▶ [Requirement]
Starting at the line that contains "Närbild Skäggiga Drake" and stopping after the line that contains "Impresi Tablou Elephant", transcribe the listing below exactly; do not include any pictures.

▶ [Data excerpts]
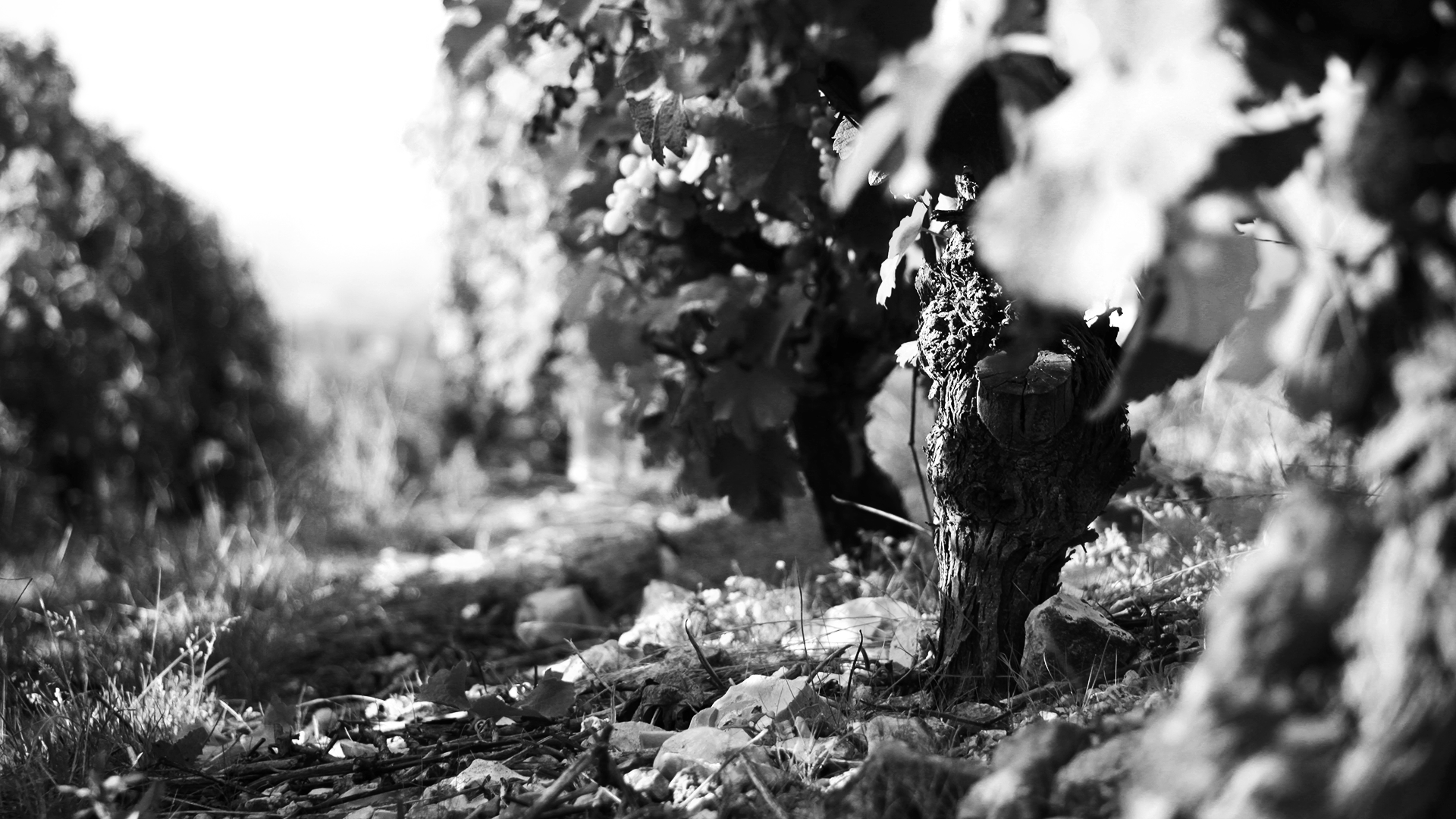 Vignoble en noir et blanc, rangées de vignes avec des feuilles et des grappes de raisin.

* * *

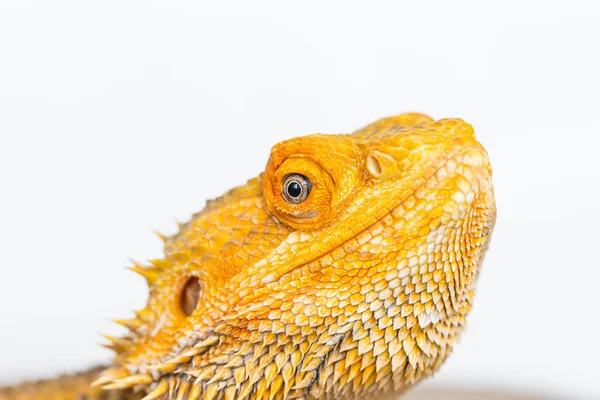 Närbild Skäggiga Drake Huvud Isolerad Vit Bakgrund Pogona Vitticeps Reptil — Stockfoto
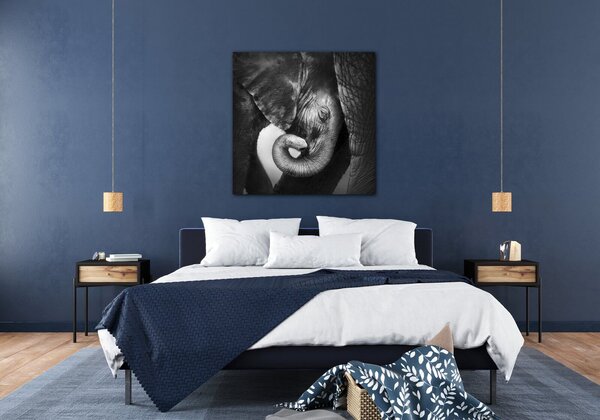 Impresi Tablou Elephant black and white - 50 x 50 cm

▶ [Task answer]
 Närbild Skäggiga Drake Huvud Isolerad Vit Bakgrund Pogona Vitticeps Reptil — Stockfoto
 Impresi Tablou Elephant black and white - 50 x 50 cm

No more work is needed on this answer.